### ASSIGNED TASK
Excluding pictures, retype exactly the lines from the one with "1630 S Bentley" through the end of the records that follow.

*** Opening of AVAILABLE RECORDS ***

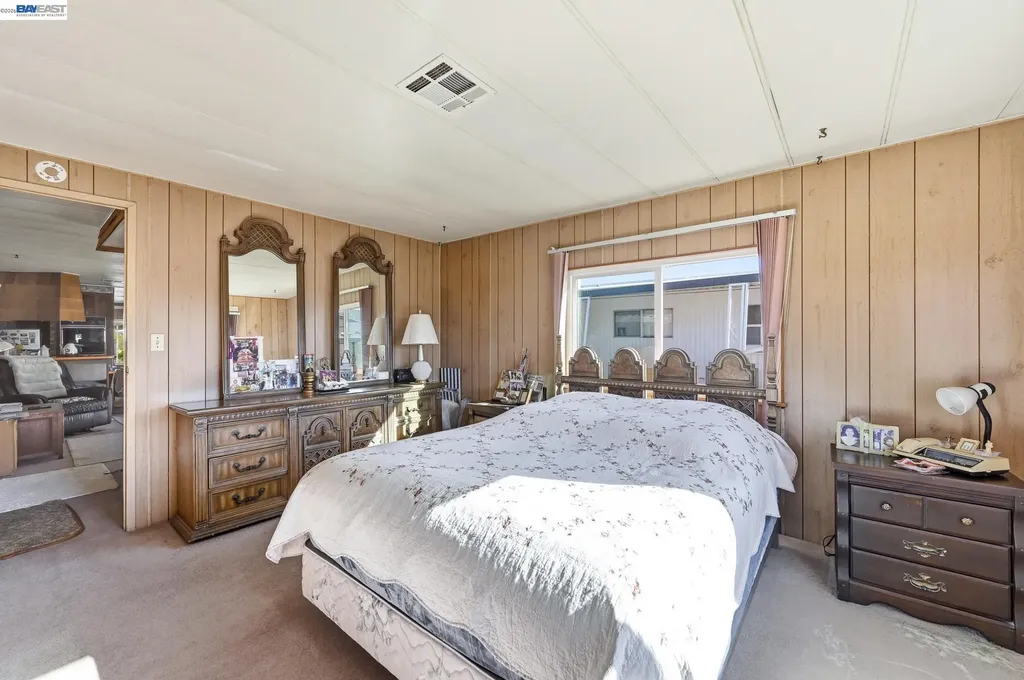 4141 Deep Creek Fremont CA 94555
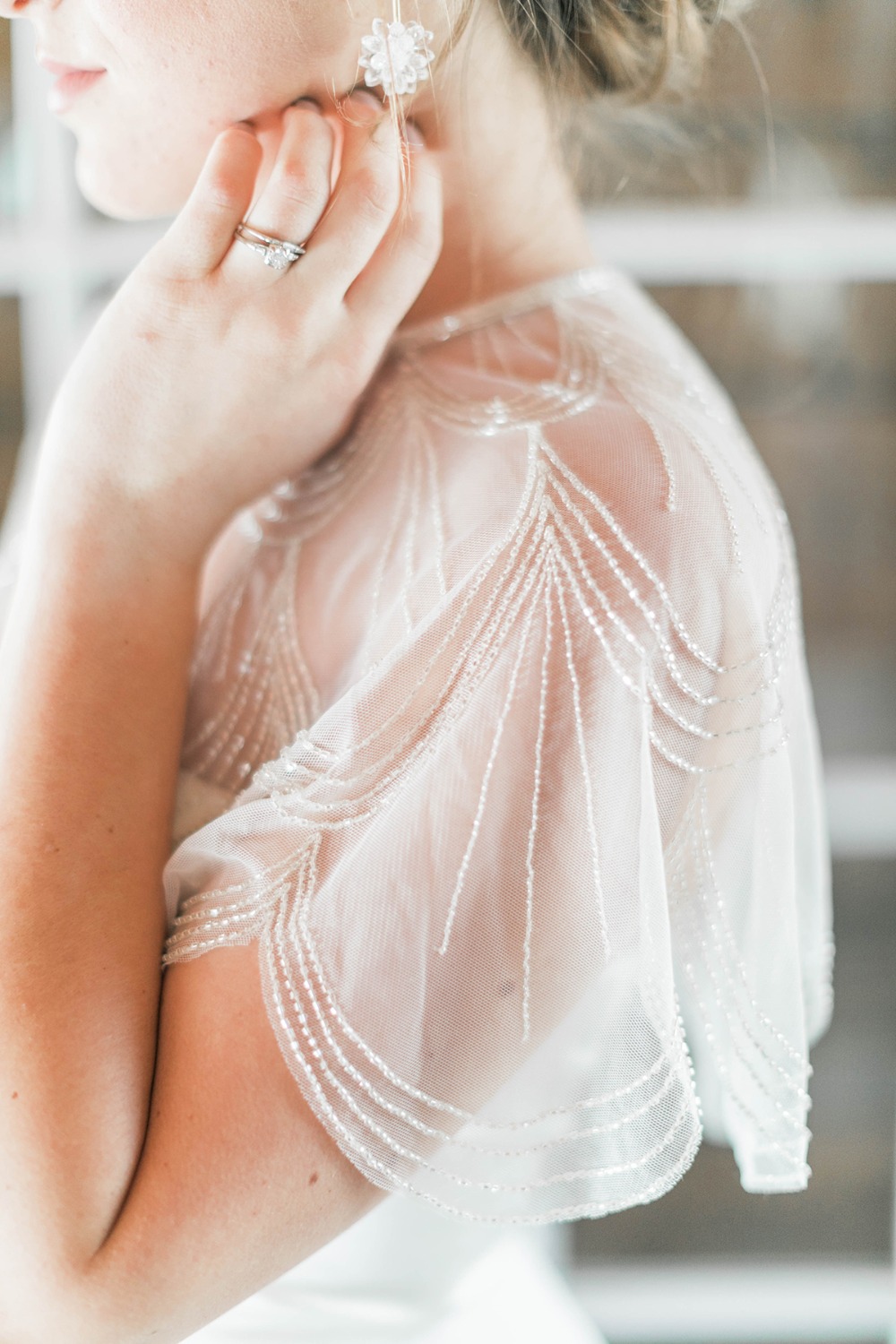 wedding-submission-from-gorges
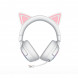Наушники Razer Kraken Kitty V3 Pro Белый 2025 в Комсомольске-на-Амуре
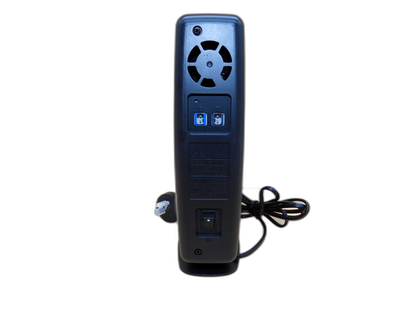 Samsung Swa 4000 Wireless Receiver Module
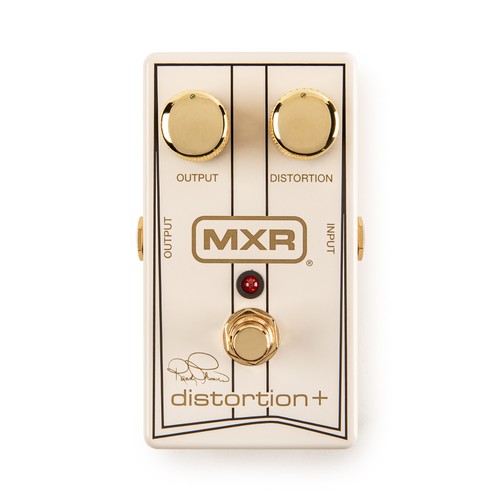 Mxr randy rhoads - randy,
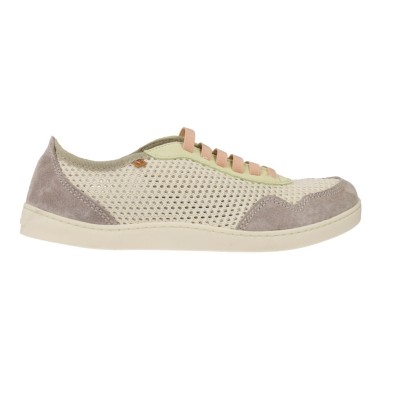 El Naturalista 5914 Origen Zapatillas Deportivas Mujer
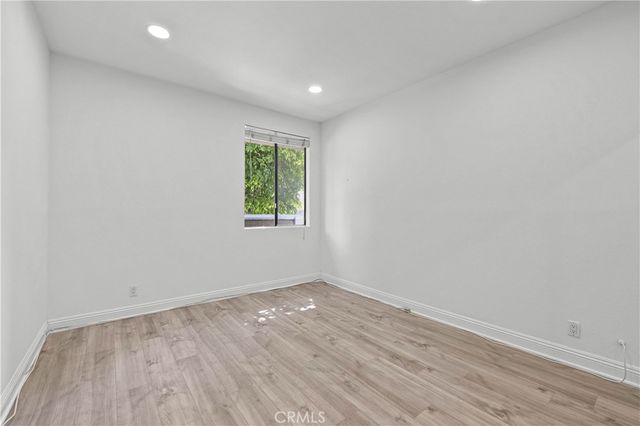 1630 S Bentley Avenue 103, Los Angeles, CA 90025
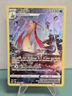 Pokemon TCG Milotic TG02/TG30 Silver Tempest Trainer Gallery Full Art Holo NM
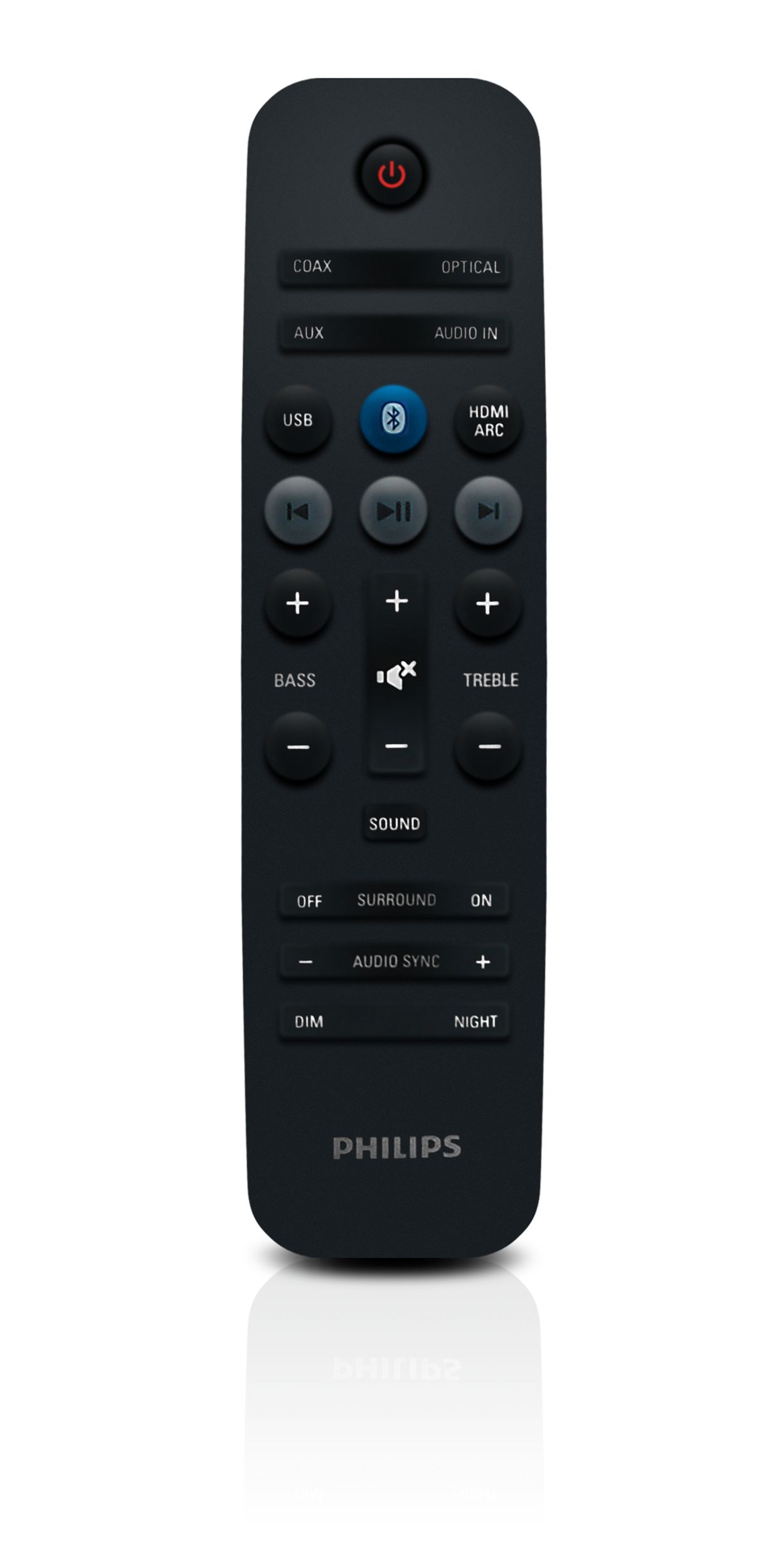 Philips htl2163b sale price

*** Close of AVAILABLE RECORDS ***

### SOLUTION
 1630 S Bentley Avenue 103, Los Angeles, CA 90025
 Pokemon TCG Milotic TG02/TG30 Silver Tempest Trainer Gallery Full Art Holo NM
 Philips htl2163b sale price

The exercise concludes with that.